Ada juga ayat lain yang memperintahkan kepada umat Islam untuk menjaga perdamaian dan kerukunan. Dengan demikian, apa yang seharusnya diambil dari QS. 22:39-40 adalah bukan diperbolehkannya berperang, tetai pesan perdamaian yang terkandung di dalamnya.
Banyak dari umat Islam yang terlanjur dilabeli radikal dan teroris telah menyalahpahami ayat-ayat terkait dengan perang. Kesalahpahaman mereka terletak pada satu kecenderungan bahwa mereka telah memposisikan ayat-ayat ini dalam kapasitas yang sama dengan ayat-ayat tentang perdamaian.
Menurut Sahiron, ayat-ayat al-Qur’an yang terkait langsung dengan makna perdamaian harus ditempatkan sebagai naungan dari ayat-ayat al-Qur’an yang mengarah pada peperangan dan diperbolehkannya berperang. Selanjutnya, kaum radikal ini telah banyak memahami ayat tentang perang dalam sudut pandang yang sangat literal dan mengabaikan konteks historis maupun tekstualnya. Mereka gagal dalam melakukan kontekstualisasi ayat dalam kondisi kekinian.
Dalam tulisan singkat ini, saya ingin menyimpulkan bahwa dalam menafsirkan QS. 22:39-40, kita perlu memahami konteks historis maupun tekstualnya, sehingga dapat menarik pesan utama yang lebih cocok dengan kondisi dan perkembangan zaman.

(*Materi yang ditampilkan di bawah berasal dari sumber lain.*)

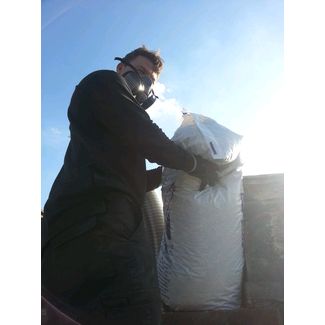 We offer the insulation of flue liners with micafil loose fill 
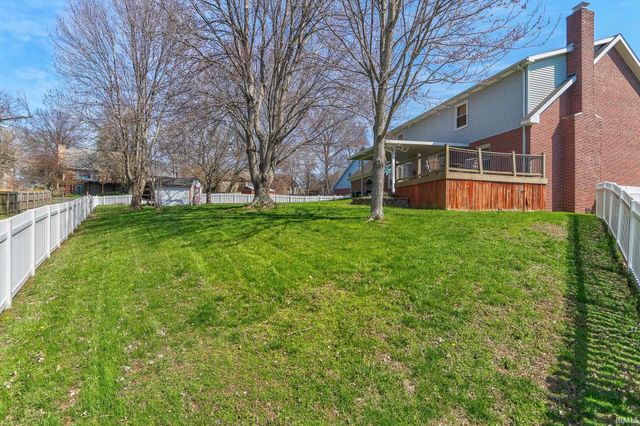 10124 Brookline Drive, Evansville, IN 47711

Sehingga, ayat yang pertama kali turun tentang diperbolehkannya melakukan peperangan adalah sebuah bentuk perintah yang sebenarnya tidak mengarah sama sekali ke ranah peperangan itu sendiri, akan tetapi sebuah nilai moral, yakni penghapusan penindasan dan menegakkan kebebasan beragama dalam suatu prinsip perdamaian yang harmoni.
Inilah yang seharusnya diaplikasikan sepanjang waktu dan tempat. Tentu berperang tetap diperbolehkan jika memang sudah tidak ditemukan alasan lain kecuali berperang itu sendiri, seperti tidak adanya solusi lagi dalam menghindari penindasan dan kebebasan. Maka umat Islam harus tetap berusaha dengan lebih mengutamakan melakukan tindakan perdamaian selama mereka bisa.